# AwesomeWM setzt Hintergrundbild nicht

## escorter

Hallo zusammen,

auf meinem Rechner habe ich Gentoo, gdm und AwesomeWM installiert. Leider setzt Awesome das Hintergrundbild nicht. Sobald ich aber Nautilus starte wird das Hintergrundbild gesetzt. Leider fehlt mir so der richtige Ansatz zum suchen.

Habt ihr eine Idee?

Gruß,

Gerrit

----------

## disi

Also Nautilus ist so ein Monstrum wie Explorer in Windows, er setzt unter anderem via gconf dein Hintergrundbild.

Ich kann mich erinnern, dass es da eine Commandline Option gab wie "--no-root" oder so. Da musst du mal in ein Terminal "nautilus --help" eingeben, leider kann man bei Gnome.org nichts dazu finden.

Diese Option laesst den Desktop in Ruhe, setzt kein hintergrund Bild und keine Shortcuts auf dem Desktop.

Fuer Awesome solltest du in deinem Profil eine Moeglichkeit haben dein "Theme" zu aendern in .config/awesome/

Generell klappt das aber bei mir auch nicht, deswegen habe ich einen Befehl in meine .xinit gepackt.
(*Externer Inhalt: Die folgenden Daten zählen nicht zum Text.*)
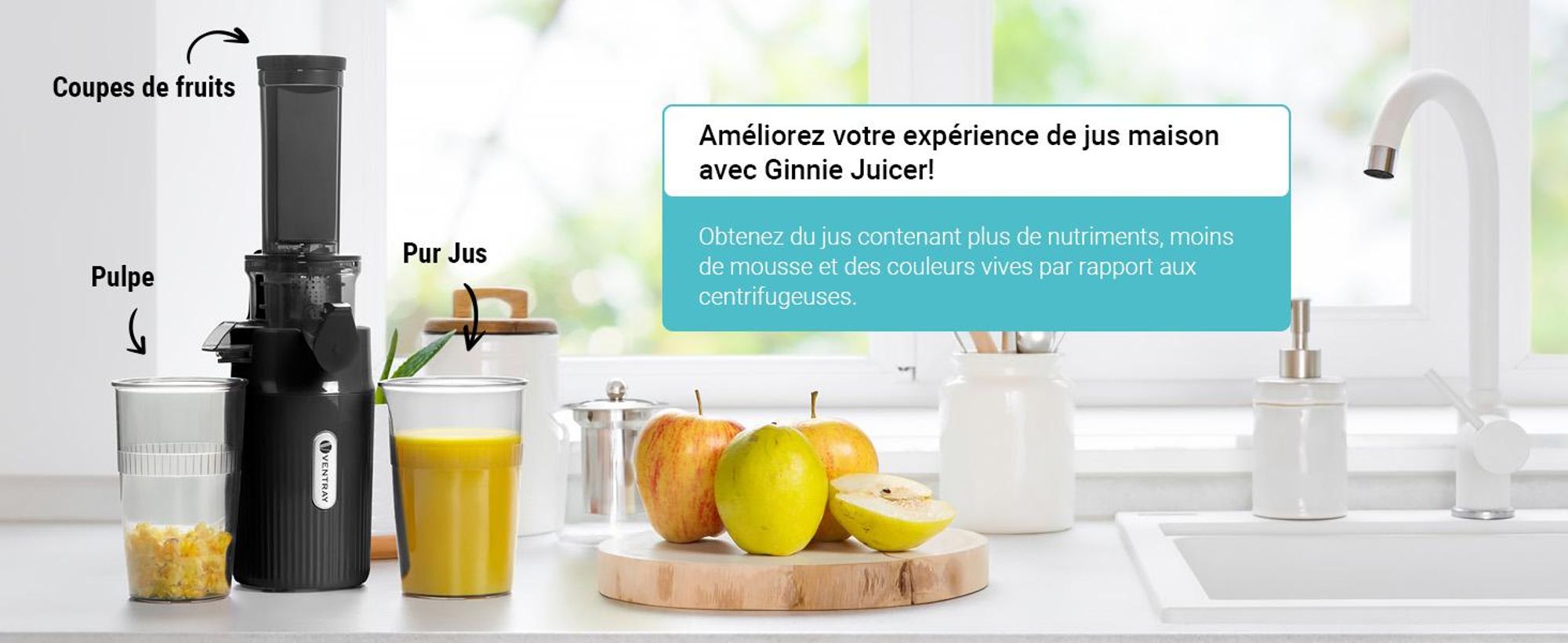 Ventray Essential Ginnie - Centrifugeuse à pression à froid, Slow Juicer Compact & Silencieux (60 tr/min, ouverture de remplissage de 45mm), sans BPA, 400ml, Nettoyage facile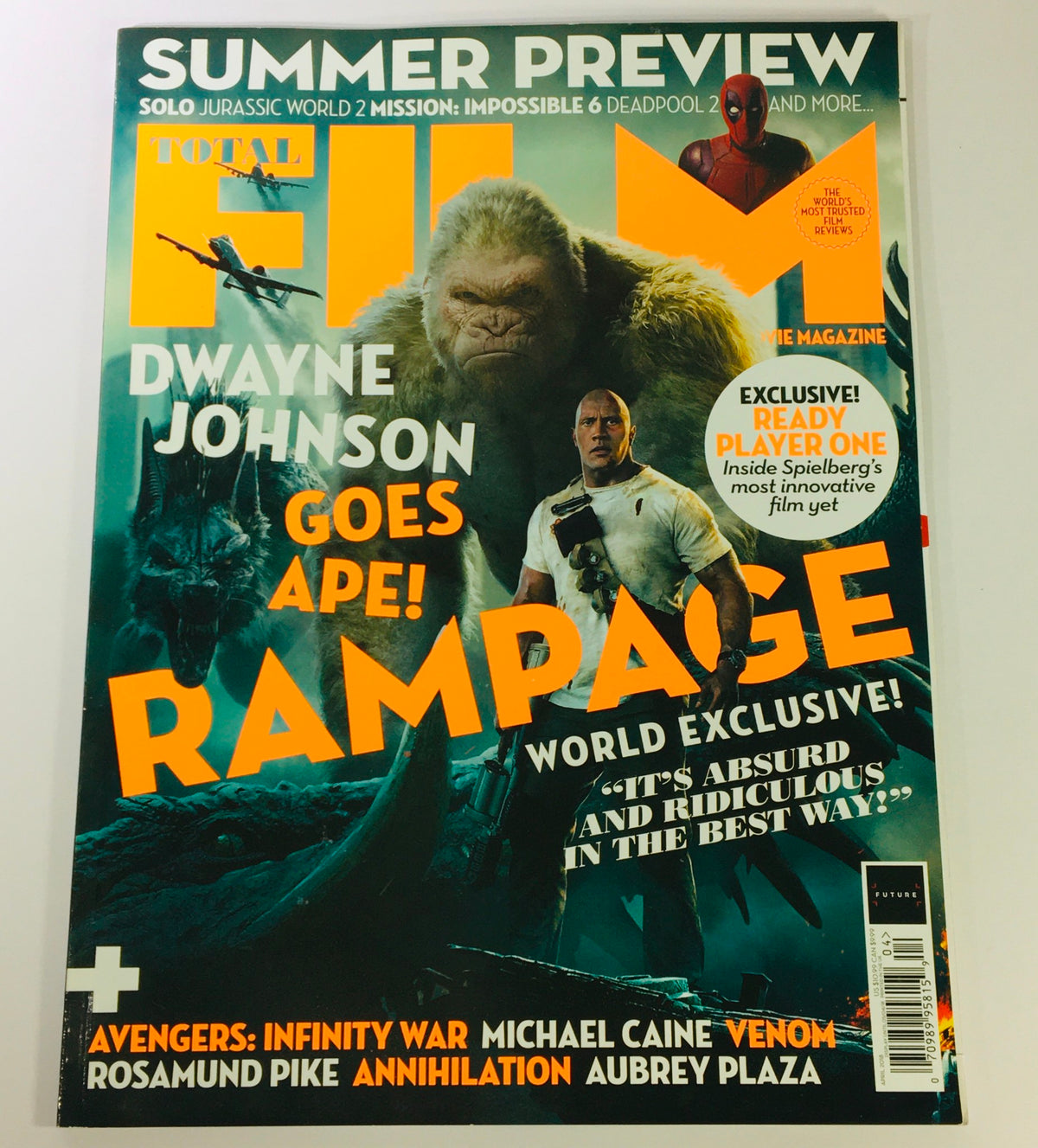 Total Film Magazine April 2018 #270 featuring Dwayne Johnson and Ryan Reynolds on the cover, highlighting their roles in film, with the tagline 'Goes Ape! Rampage!' and a preview of top upcoming movies.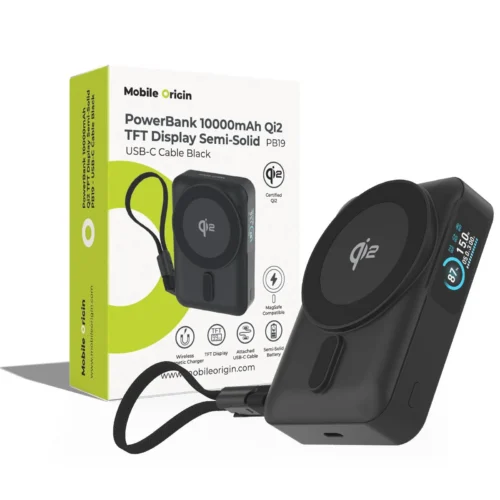 Powerbanka Mobile Origin s displejem Semi-solid PB19 10000mah Qi2 + USB-C kabel - černá - Obrázek 2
Muss da spaeter mal Zuhause gucken.

Also 3 Optionen:

1. Nautilus im Hintergrund automatisch starten in der .xinit

nautilus &

2. Nautilus ohne den ganzen Desktop Krams starten und per config in deinem .config/awesome/ ordner das Theme anpassen

3. Nautilus ohne den ganzen Desktop Krams starten und ein kleines Programm vorweg starten das den Hintergrund setzt in der .xinit

xsetroot <irgendwas>

----------

## escorter

also das starten von nautilus im hintergrund ist ja maximal ein workaround.

Wenn ich zuhause bin kann ich mal genau schauen, wie ich das Hintergrundbild gesetzt habe. Es ist in der rc.lua definiert aber den genauen Aufruf habe ich nicht im Kopf. Komisch finde ich, dass es das richtige Hintergrundbild ist und nicht irgend eins.

Gruß,

Gerrit

----------

## disi

Wenn du kein "custom" theme definierst, sucht er sich die Hintergruende aus /usr/share/themes glaube. Das kannst du ihm aber alles in der rc.lua sagen.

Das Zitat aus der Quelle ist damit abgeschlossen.